Inside Bob Dylan’s Jesus Years: Busy Being Born…Again!, now available on DVD from MVD Visual, is a documentary produced and directed by Joel Gilbert. It focuses on the brief period (late '70s to early '80s) when Bob Dylan embraced Christianity and released a trio of Christian-themed albums. Fertile ground for a documentary, to be sure, but this film can't deliver the goods. Joel Gilbert botches the execution so thoroughly, I can't imagine even the most die-hard Dylan fans finding much reason to invest time in this.
"Contains no Bob Dylan songs, not affiliated with Bob Dylan," states the back DVD cover. At least they're up front about it. This is an unauthorized documentary, not necessarily a bad thing. But the completely objective perspective taken by Gilbert renders the whole project superficial at best. The film contains no overall thesis. Gilbert isn't making a case for or against the work produced by Dylan during this much maligned period of his career. He opts for a mostly informative approach, gathering a bunch of interviewees (some of far more interest than others) for two hours of talking head shots. An informative documentary, when done well, can be enlightening. But without access to the primary subject (Dylan himself), nor enough people with truly close ties to him, considerable gaps are left in the story.

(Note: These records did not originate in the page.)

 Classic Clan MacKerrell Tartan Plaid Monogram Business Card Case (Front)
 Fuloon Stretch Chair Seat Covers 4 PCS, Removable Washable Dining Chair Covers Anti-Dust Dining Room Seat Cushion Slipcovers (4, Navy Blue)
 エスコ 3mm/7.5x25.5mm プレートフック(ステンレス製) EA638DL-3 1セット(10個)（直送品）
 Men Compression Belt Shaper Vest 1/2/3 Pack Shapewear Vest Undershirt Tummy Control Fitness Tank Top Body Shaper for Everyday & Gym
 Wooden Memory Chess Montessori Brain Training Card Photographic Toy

Making matters worse, Joel Gilbert indulges in some very intrusive camera-hogging. It's quite unbecoming of a documentarian. This isn't a document of Gilbert's personal journey, though that might have improved his film. Through reading a his bio, I found that Gilbert "plays" Bob Dylan in a tribute band called Highway 61 Revisited. That isn't really talked about in the documentary, but it explains his Dylanesque appearance. He features himself prominently throughout the film, both on the soundtrack as well as on camera. Most of the songs are Gilbert originals, written and performed in a way that suggests Dylan on a very bad day. I doubt many viewers really want to hear a Dylan-wannabe while watching a film about the real guy.
While conducting his interviews, he cuts to frequent reaction shots of himself (mostly horribly lighted and with the camera and other gear in the shot) for no good reason. Worse still, there are shots of him walking around to various filming locations. Why? Because he apparently wants to be the star. The most jaw-dropping indulgence occurs with a sequence showing Gilbert driving to Muscle Shoals, Alabama. With his own music blaring away on the soundtrack we see dull footage of him behind the wheel, driving along southern highways. Perhaps he would've been better off making the film about himself and his own experiences portraying Dylan on stage.

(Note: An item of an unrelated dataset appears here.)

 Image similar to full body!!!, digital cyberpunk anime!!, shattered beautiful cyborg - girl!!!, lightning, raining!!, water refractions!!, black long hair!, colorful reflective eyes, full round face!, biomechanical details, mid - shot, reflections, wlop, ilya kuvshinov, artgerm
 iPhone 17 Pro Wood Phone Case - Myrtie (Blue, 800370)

The first thirty minutes are devoted almost entirely to information about the Vineyard Church, to the point where it seems like an infomercial. Dylan is hardly mentioned during this opening half hour. Ostensibly intended to provide background about the Christian church Dylan joined, it feels more like a promo piece for Pastor Bill Dwyer. By the time the subject turned towards Dylan's music of the period, my patience had worn very thin.

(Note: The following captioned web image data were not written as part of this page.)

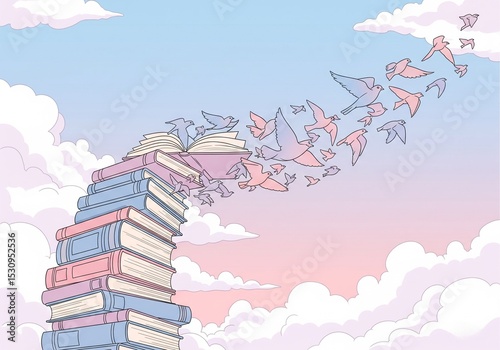Stack of Books Turning Into Flying Birds
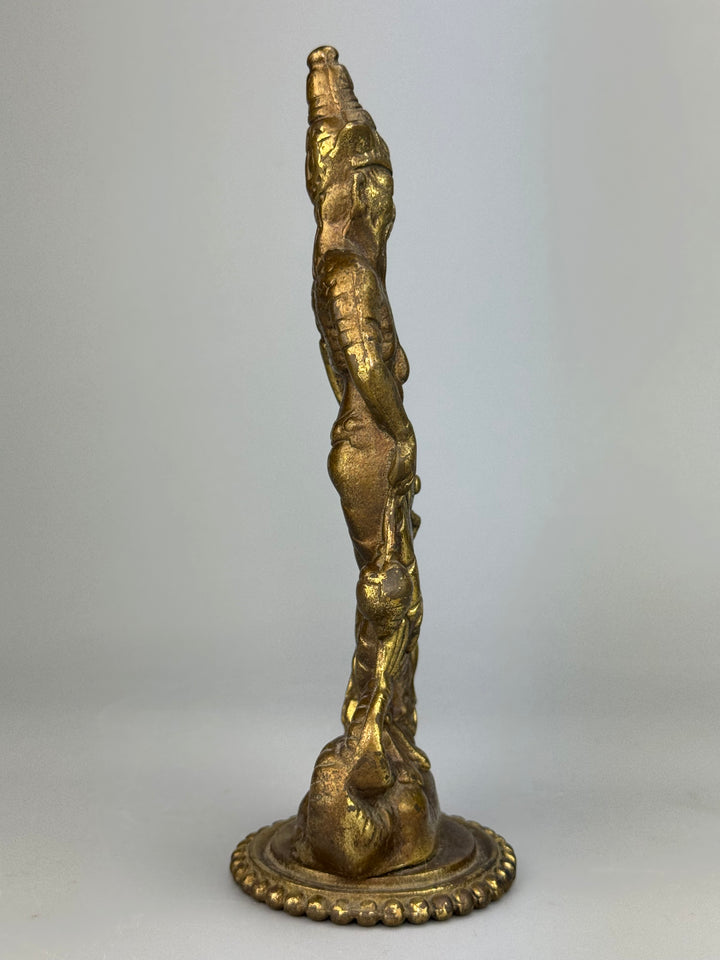 Coppia di statue balinesi in ottone figure tradizionali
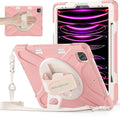 BRAECNstock Case for Apple iPad Air 13 inch (M4/M3/M2)/ iPad Pro 12.9 inch 6th/5th/4th/3rd Gen, Shockproof Protective Case with Pen Holder, 360° Rotating Stand & Hand Strap, Shoulder Strap, Rose Gold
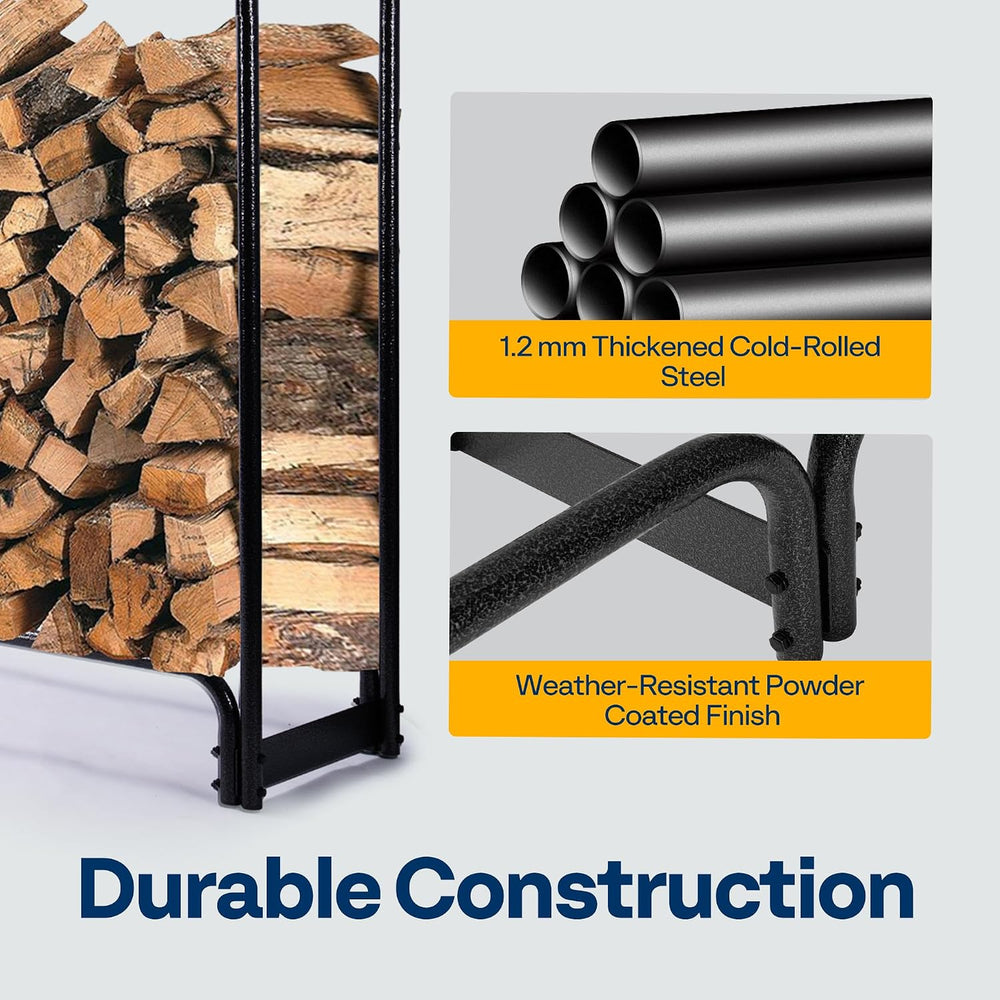 VIVOHOME 10 ft Heavy Duty Firewood Rack Outdoor with Cover, Black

Amongst the other religious figures with very loose ties to Dylan, Gilbert managed to round up some worthwhile interviews. Most valuable is the late music producer Jerry Wexler, who produced Dylan's albums Slow Train Coming (1979) and Saved (1980). He shares some interesting anecdotes, shedding light on the methods used to produce Dylan's music during this period. A few musicians who played with Dylan during the "Jesus years" are interviewed as well, including back-up singer Regina McCrary and keyboardist Spooner Oldham. Rock critic Joel Selvin, who savagely criticized Dylan's religious-themed music, provides some interesting insight into the public reaction to Dylan's change in direction. As touted on the DVD box, Dylan himself turns up in a vintage interview. Don't expect much — the footage is about a minute long and amounts to a couple of sentences.
Ultimately, Inside Bob Dylan’s Jesus Years: Busy Being Born…Again! would have made a fine twenty-minute featurette if boiled down to the most pertinent information. At two hours, it wears out its welcome quickly. The film is amateurish and doesn't do much to argue for or against the controversial born again phase of Dylan's career.